### TASK TO CARRY OUT:
Look for the line containing "Удар у пацана" and the line containing "zone rouge = foyer" in the entries below. Copy those two and all lines between them exactly, leaving out pictures.

### EXCERPTED RECORDS:
>>

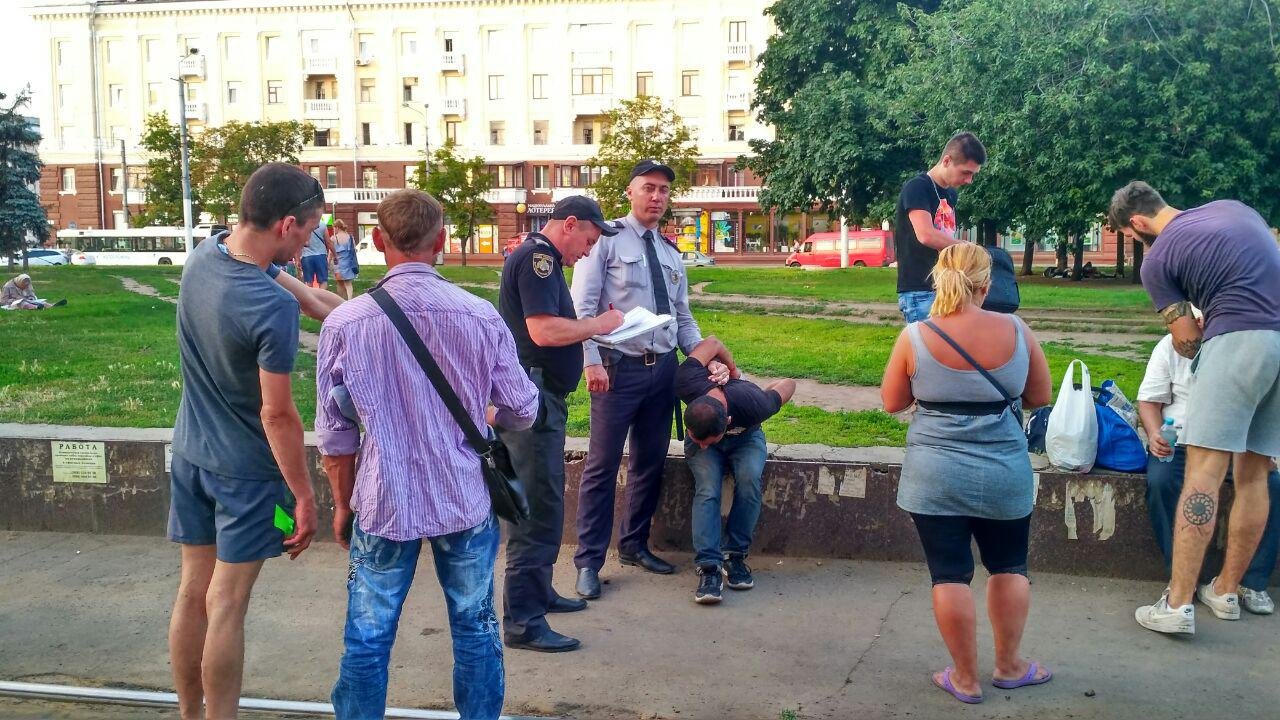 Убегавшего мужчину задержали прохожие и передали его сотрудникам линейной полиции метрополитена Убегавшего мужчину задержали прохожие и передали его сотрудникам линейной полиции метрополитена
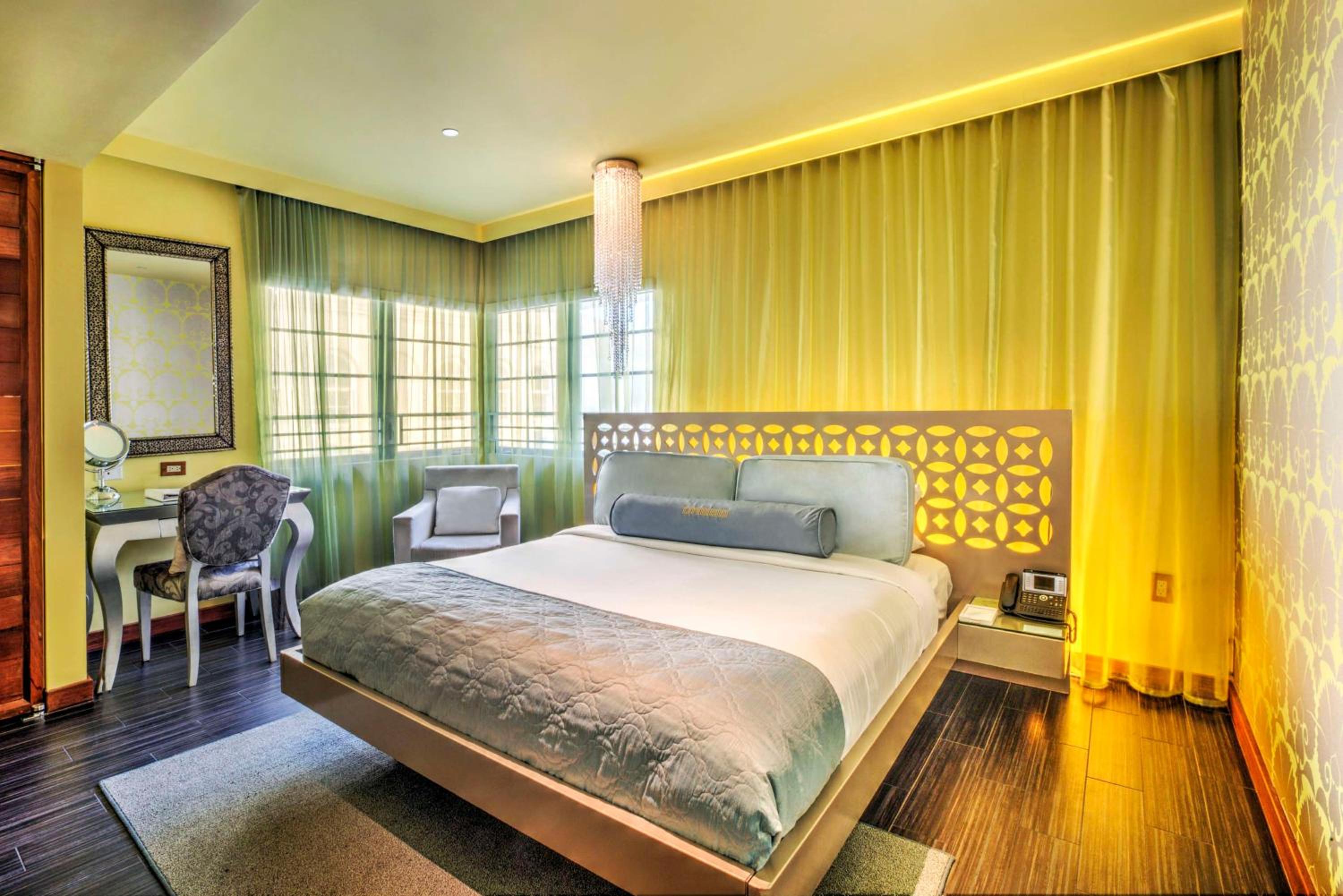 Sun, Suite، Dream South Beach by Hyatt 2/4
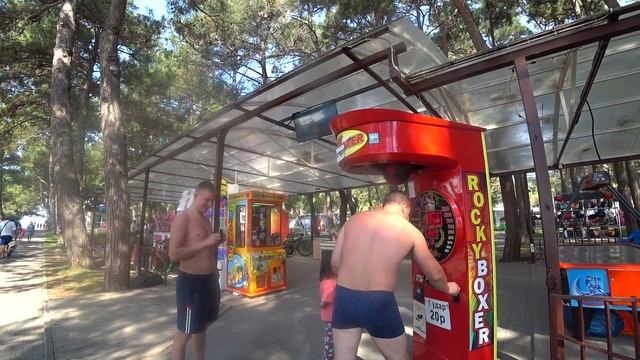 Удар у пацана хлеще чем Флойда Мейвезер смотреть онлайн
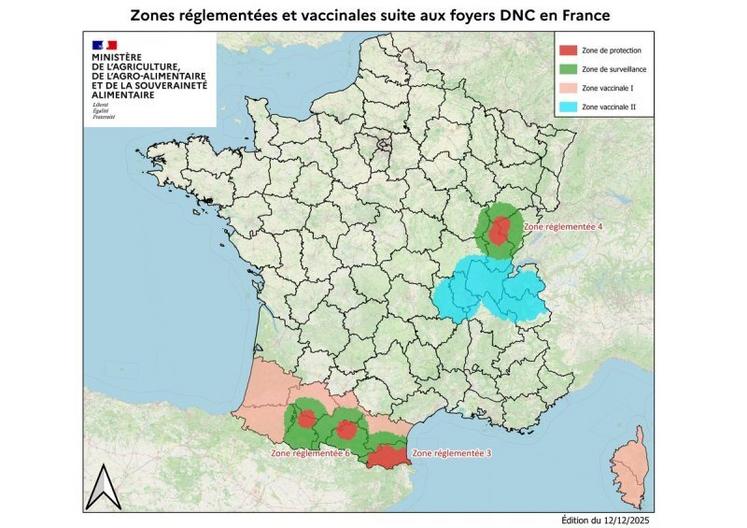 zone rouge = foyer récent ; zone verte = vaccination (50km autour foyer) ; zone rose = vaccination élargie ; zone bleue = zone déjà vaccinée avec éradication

<<
>>

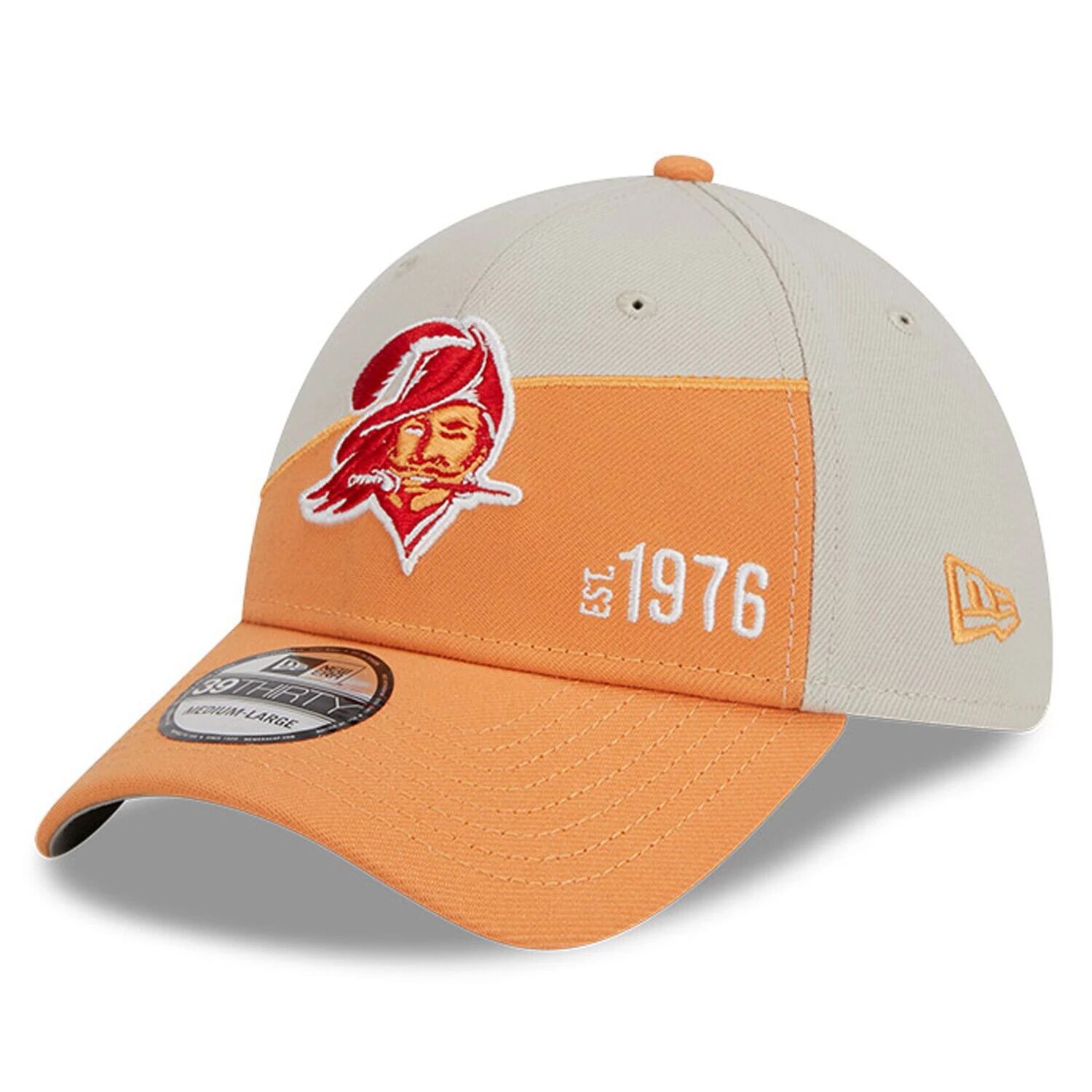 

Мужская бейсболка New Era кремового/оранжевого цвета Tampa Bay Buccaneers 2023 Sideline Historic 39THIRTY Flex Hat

<<
>>

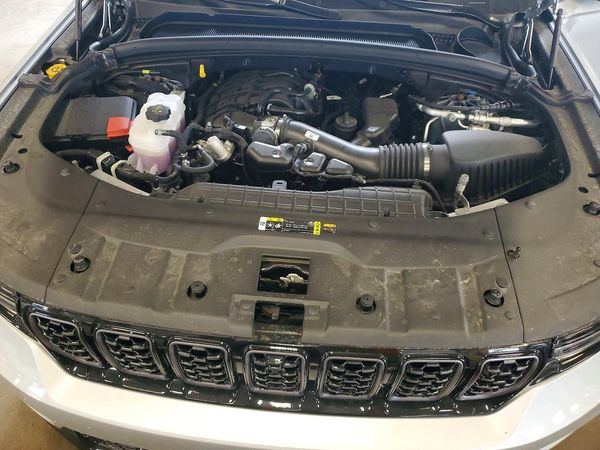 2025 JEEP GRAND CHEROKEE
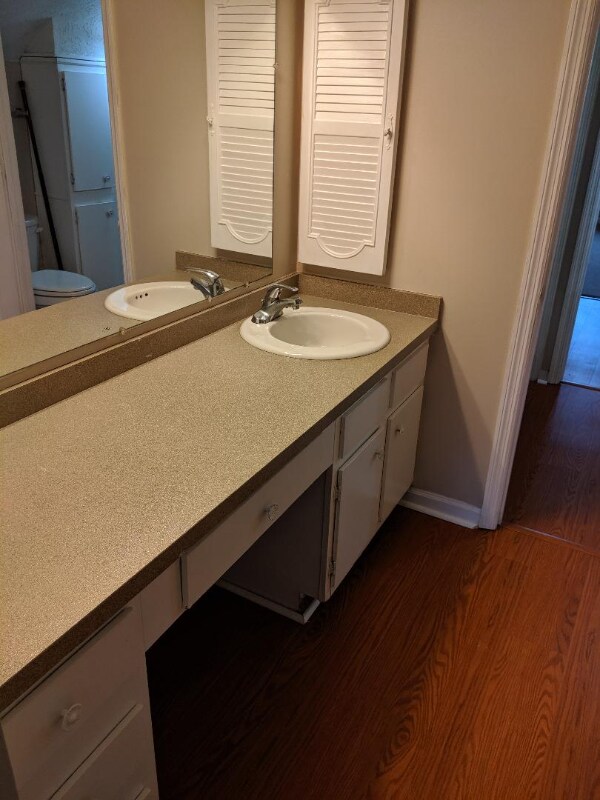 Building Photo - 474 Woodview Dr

<<

### REPLY TO THE EXERCISE:
 Удар у пацана хлеще чем Флойда Мейвезер смотреть онлайн
 zone rouge = foyer récent ; zone verte = vaccination (50km autour foyer) ; zone rose = vaccination élargie ; zone bleue = zone déjà vaccinée avec éradication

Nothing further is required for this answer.